Após aval do TCU, governo lança editais de rodovias – O Tribunal de Contas da União (TCU) aprovou ontem, sem restrições importantes, os estudos de viabilidade das duas rodovias que vão inaugurar o megaprograma de concessões anunciado pela presidente Dilma Rousseff no ano passado: a BR-050 (em Goiás e Minas Gerais) e a BR-262 (Minas Gerais e Espírito Santo).

A decisão abriu caminho para a publicação dos editais. O governo, que passou a tratar o pacote de concessões como tábua de salvação da economia, não perdeu tempo. Algumas horas depois, a Agência Nacional de Transportes Terrestres (ANTT) lançou os editais e divulgou a data do leilão desses dois lotes: o dia 18 de setembro, em sessão pública na BM&F Bovespa. Se tudo correr como o previsto, os contratos serão assinados no dia 9 de dezembro.

Com elogios à qualidade dos estudos, os ministros do tribunal não fizeram nenhuma mudança nas tarifas-teto de pedágio dos dois primeiros lotes. Na BR-050, a tarifa máxima é de R$ 7,87 por cada 100 quilômetros. Na BR-262, alcança R$ 11,48 por 100 quilômetros. Vence a disputa quem oferecer o maior deságio. As futuras concessionárias só poderão iniciar a cobrança de pedágio quando tiverem feito pelo menos 10% das obras de duplicação.

Um dos poucos pontos de preocupação do TCU é com a qualidade do pavimento usado nos trechos a serem duplicados pelo Departamento Nacional de Infraestrutura de Transportes (Dnit). Há trechos nas rodovias que já estão com obras a cargo da autarquia federal, mas o padrão de qualidade é diferente do exigido das futuras concessionárias.

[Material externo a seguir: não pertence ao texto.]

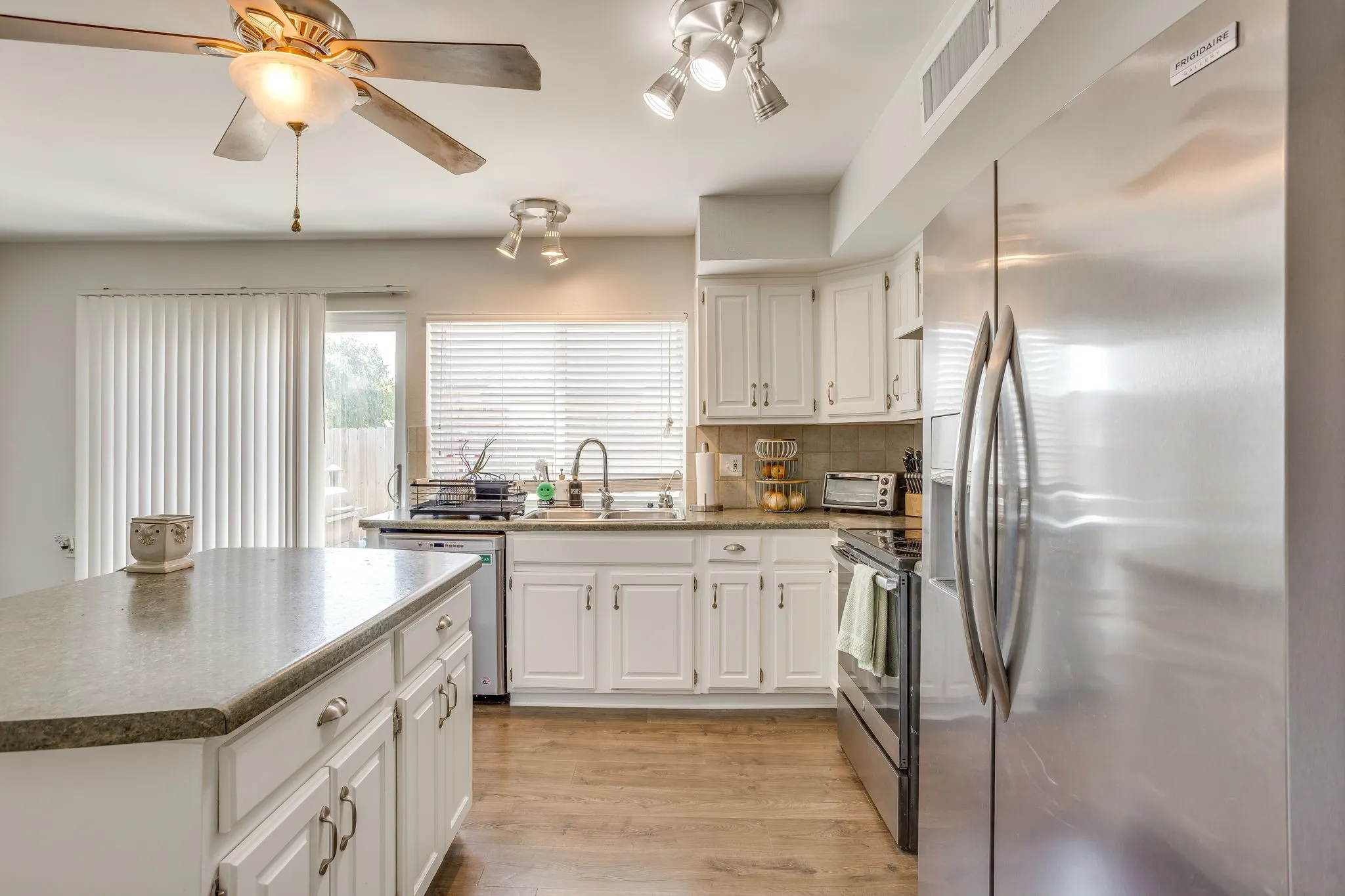 Single Family Residence For Sale in Denton County , 3226 Delaford Drive, Carrollton, Texas 75007, 4 Bedroom, 2 Bathroom, 2 Garage spaces, 1,670 Sqft, built in 1983, mls#21365567, Real Estate Agent in Carrollton, Homes For Sale in Denton county, Homes For Sale in Carrollton, Realtor in Carrollton Texas, Real Estate Brokerage Independent Realty Texas, Luminita Cordes Realtor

Para o tribunal, isso gera dois riscos. De um lado, pode fazer os usuários conviverem com padrões distintos de pavimento na mesma rodovia. De outro, embute a possibilidade de pedidos de reequilíbrio econômico-financeiro dos contratos, diante da eventual necessidade de reparos no pavimento e aumento dos custos futuros de manutenção.

Enquanto isso, às vésperas do primeiro leilão de rodovias do novo programa, o governo se vê diante do reajuste das tarifas de pedágio das estradas que já estão sob administração privada. Os reajustes da Nova Dutra e da Ponte Rio-Niterói, ambas da CCR, devem entrar em vigência hoje.

O ministro dos Transportes, César Borges, disse ontem à noite que as tarifas não vão sofrer variação. Segundo ele, foi encontrada uma fórmula que permitiu a estabilidade das tarifas, sem estender os contratos atuais nem exigir suspensão de obras.

Para isso, haverá mudanças na cobrança da taxa de fiscalização que vai para a ANTT e serão antecipados os efeitos de uma revisão tarifária que ocorre a cada cinco anos – ela seria negativa e equilibra o reajuste de agora. Nas próximas semanas, também seria corrigido o pedágio da BR-040 (Rio-Juiz de Fora), da Concer.